• **REQUIREMENT**: Exclude images and print all the records verbatim.

• **LISTED ENTRIES**:
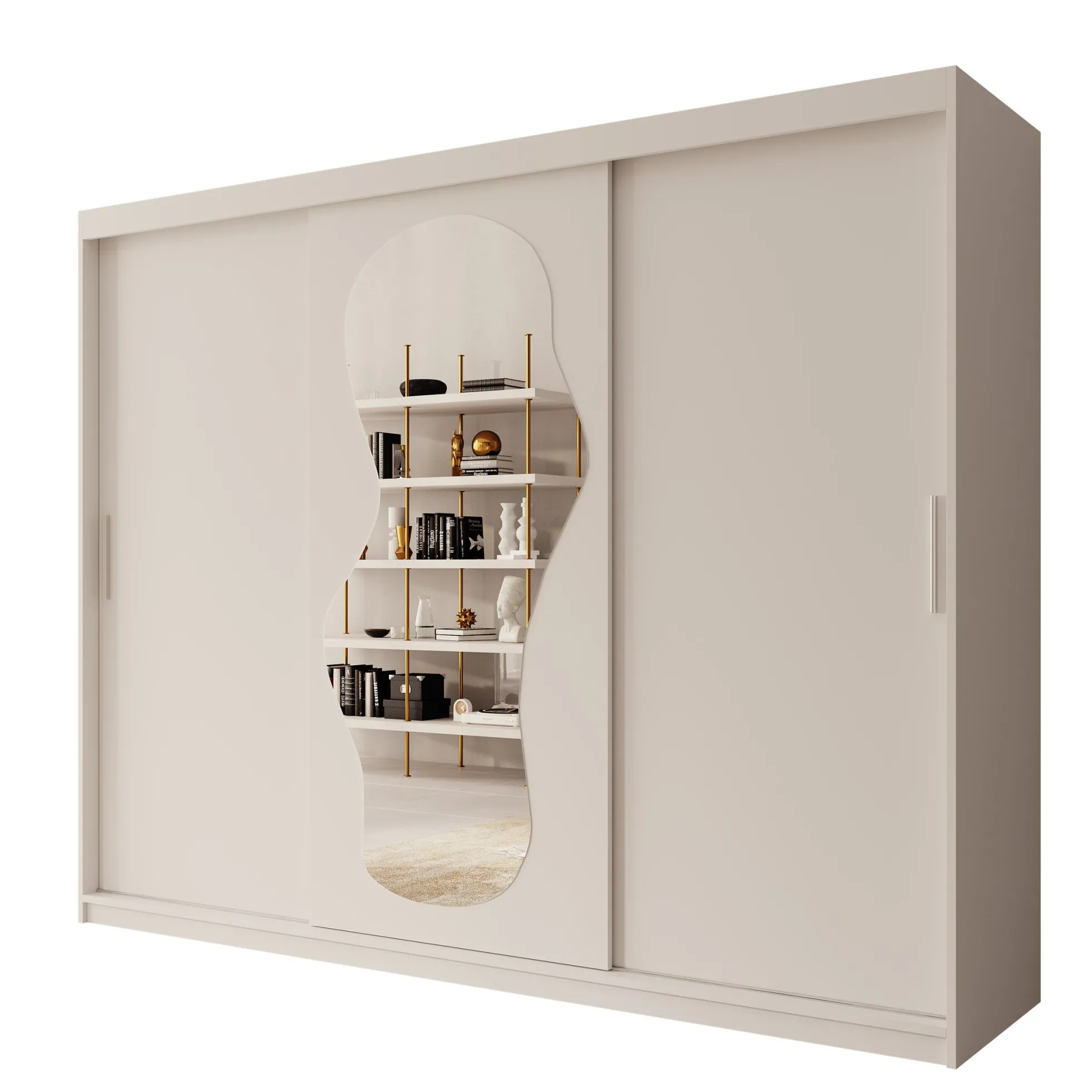 Ulysses - Kledingkast met schuifdeuren - Wit - 250x62x200 cm
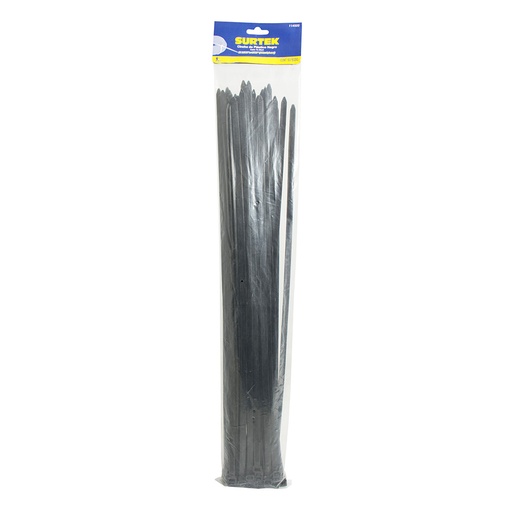 [HC58948] SURTEK CINCHO-COLLARIN 25PZ   NEGRO 4.8X500MM 114219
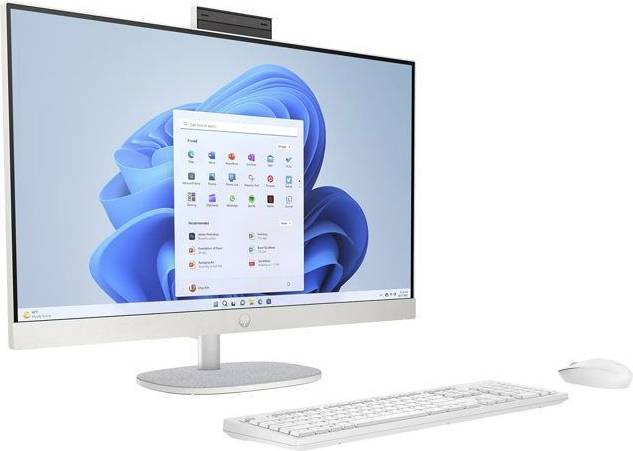 All in one pc 24 HP 24-cr0034nf All-in-One PC, 23.8 Inch Full HD, Radeon 610M, LED Display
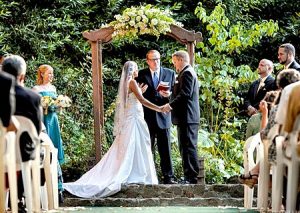 Wedding Ceremony at Wildwood Acres in Lafayette, California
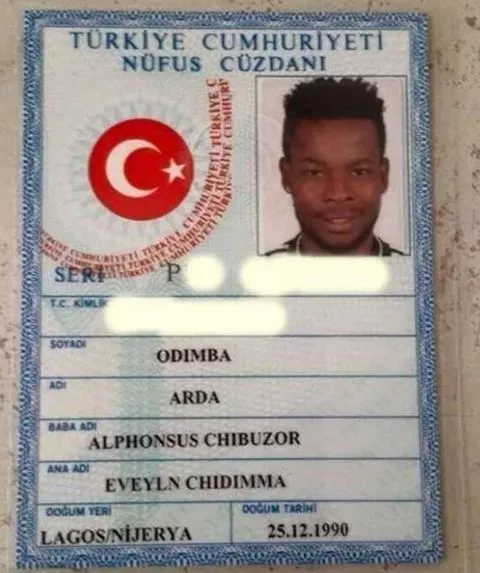 Arda Odimba is a Turkish citizen -- Image credit: Ntvspor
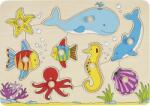Goki Puzzle din lemn cu manere Goki - Lumea subacvatica (57953) Puzzle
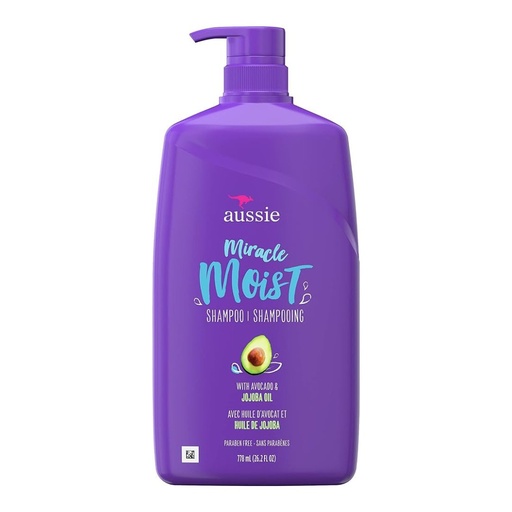 [381519186776] Champu Milagroso Humectante Con Aceite De Aguacate Y Jojoba / 778 Ml / Aussie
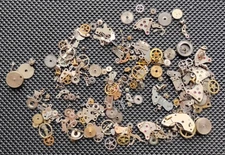 Huge Watchmaker watch parts lot assorted Wyler Everbrite AN Stuart Libela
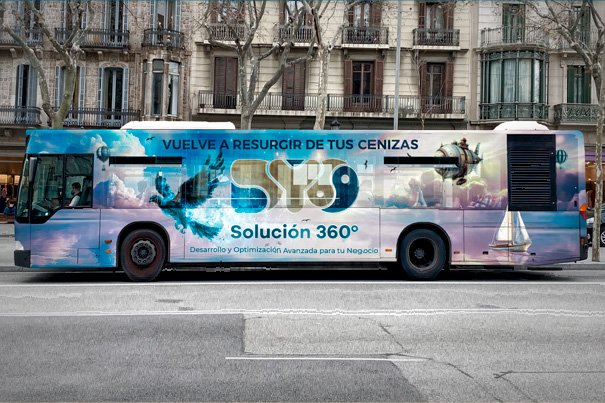 Autobús rotulado Evomarca: tu marca en movimiento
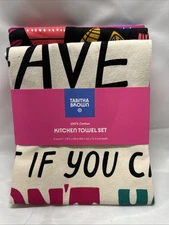 Tabitha Brown Very Good Kitchen Towel Set 2-Count 18x28 100% Cotton NWT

• **SOLUTION**:
 Ulysses - Kledingkast met schuifdeuren - Wit - 250x62x200 cm
 [HC58948] SURTEK CINCHO-COLLARIN 25PZ   NEGRO 4.8X500MM 114219
 All in one pc 24 HP 24-cr0034nf All-in-One PC, 23.8 Inch Full HD, Radeon 610M, LED Display
 Wedding Ceremony at Wildwood Acres in Lafayette, California
 Arda Odimba is a Turkish citizen -- Image credit: Ntvspor
Goki Puzzle din lemn cu manere Goki - Lumea subacvatica (57953) Puzzle
 [381519186776] Champu Milagroso Humectante Con Aceite De Aguacate Y Jojoba / 778 Ml / Aussie
 Huge Watchmaker watch parts lot assorted Wyler Everbrite AN Stuart Libela
 Autobús rotulado Evomarca: tu marca en movimiento
 Tabitha Brown Very Good Kitchen Towel Set 2-Count 18x28 100% Cotton NWT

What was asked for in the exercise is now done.